One vector by which one language feature invites another is when a new feature increases the pressure to add an unrelated "convenience feature." Consider autoboxing, added in Java SE 5. Java had primitive types (for example, int) and object "box" wrapper classes (for example, Integer) for those types from day one, along with methods for converting between them. The autoboxing feature — an implicit conversion between a primitive type and its corresponding wrapper class — is one that could have been added at any time since the beginning, and there were some calls for it prior to Java SE 5. But it was the addition of generics, and the attendant generification of collections, that finally generated enough pressure to add this convenience feature. The situation in which you needed to convert between primitives and their wrappers had existed before, but the generic collections made this situation far more common, because it was now convenient to create collections whose keys or values were boxed primitives. What had been a minor inconvenience before became a major inconvenience, and the pressure to add autoboxing increased.

A similar example is the relationship between enums and static imports, also added in Java SE 5. Static imports were another convenience feature waiting to happen; having to say Math.PI instead of just PI was always annoying. However, it was the addition of the enum feature in Java SE 5 that generated increased pressure to justify static imports. Enums made it easier to create named structured constants — such as Color.RED, Color.BLUE, and so on — and when you make something easier, you get more of it. Whereas before only a few static system-defined constants were available, enums opened the door to user-created static constants — making the annoyance of needing to qualify the name on every use (instead of just saying RED or BLUE) that much greater. So although static import was a stand-alone feature that could have been added long before enums were added, enums created sufficient additional pressure to justify adding static imports.

Often this is not a problem, but these convenience features can have their dark sides. For example, autoboxing interacts particularly poorly with the ternary conditional operator, and it can cause NullPointerExceptions to be thrown from code that does not appear to deal with object references at all.


LinQ: Six features for the price of one

Perhaps the best example of a language feature that invited a whole pile of friends to move in was the LinQ (Language-Integrated Query) facility, the central improvement added in .NET 3.0. LinQ enables developers to embed object-valued queries directly in their code. These queries can operate not only against databases, but also against other data providers such as XML documents or in-memory collections. The idea of embedding a query language into a general-purpose programming language seems straightforward, but once you start digging, you discover that a lot of additional features are required to pull it off.

This C# code illustrates a typical LinQ query against a collection.

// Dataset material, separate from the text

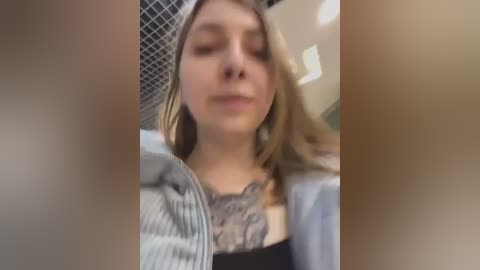 Media: A blurry, out-of-focus video of a young woman with fair skin, wearing a gray sweater and a hat, in a bathroom with a tiled wall and a mirror.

It takes a collection of Person objects and selects and prints the first and last names of people younger than 18:

var results = 
    from p in people
    where p.Age < 18
    select new {p.FirstName, p.LastName};   

foreach (var r in results) {           
    Console.WriteLine(r.FirstName + " " + r.LastName); 
}

A lot of things must come together for this to work. What is the result type of this query? It is not a collection of Person objects, because the query asks only for the first- and last-name properties. Instead, it is a collection of a class with properties only for the first and last name; the compiler generates this class based on the selected fields of the query. For this, .NET introduced anonymous classes; otherwise, the developer would have to create a new named class type for the result of nearly every query.

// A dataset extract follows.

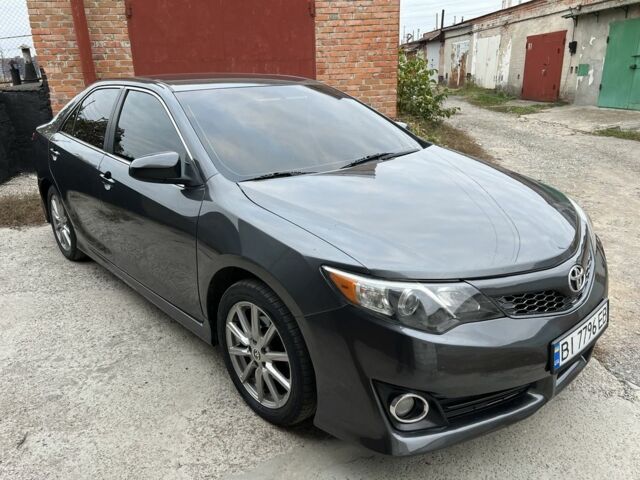 Серый Тойота Камри, объемом двигателя 2.5 л и пробегом 240 тыс. км за 8700 $, фото 6 на Automoto.ua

LinQ also requires support for lambda expressions (closures), though this is not obvious from the previous query example. The implementation strategy for LinQ involves rewriting the query into API calls against a provider. (This provider API is how queries can work against disparate data sources.) The compiler rewrites the query as:

var results = 
    people.Where(p => p.Age < 18)
          .Select(p => new {p.FirstName, p.LastName});

The Where() method takes a predicate that determines whether the given element should be selected, and it produces a stream of elements that pass the filter. Then, for each selected element, the Select() method maps the element to a new instance of an anonymous class containing only properties for the first and last name.

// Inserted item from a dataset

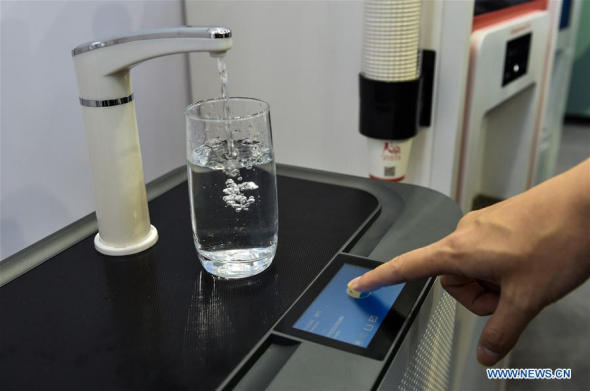 A water dispenser which can condense air moisture is seen during the 19th China High-tech Fair in Shenzhen, South China's Guangdong province, Nov 16, 2017. More than 3,000 exhibitors would show latest achievements in science and technology here on the fair which kicked off on Thursday. (Photo/Xinhua)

But we're not done yet. If the data provider is an SQL database, the WHERE clause must be applied to each record. One way to do that would be to pull all the records from the database into the application, and then test the Age property of each. But this is likely to be very inefficient — we would rather the WHERE clause be evaluated closer to the data. The sensible thing to do is to send the WHERE clause to the database, but this means that we would have to translate the predicate p.Age < 18 into SQL and send that to the database instead.

The LinQ solution for this problem is expression trees, a reflection-like mechanism whereby you can reflect over not only a class's members, but also a method's code. This allows the SQL LinQ provider to analyze the closure passed to the Where() method and translate it into SQL.

Translating queries into calls to an API also required the addition of extension methods. The Where() method is being invoked on a collection object, but it is not a member of the collection framework. Instead, it is a static method defined by the LinQ subsystem and injected into IEnumerable (the .NET equivalent of Java's Iterable). Otherwise, one would not have been able to express LinQ queries against collections as easily.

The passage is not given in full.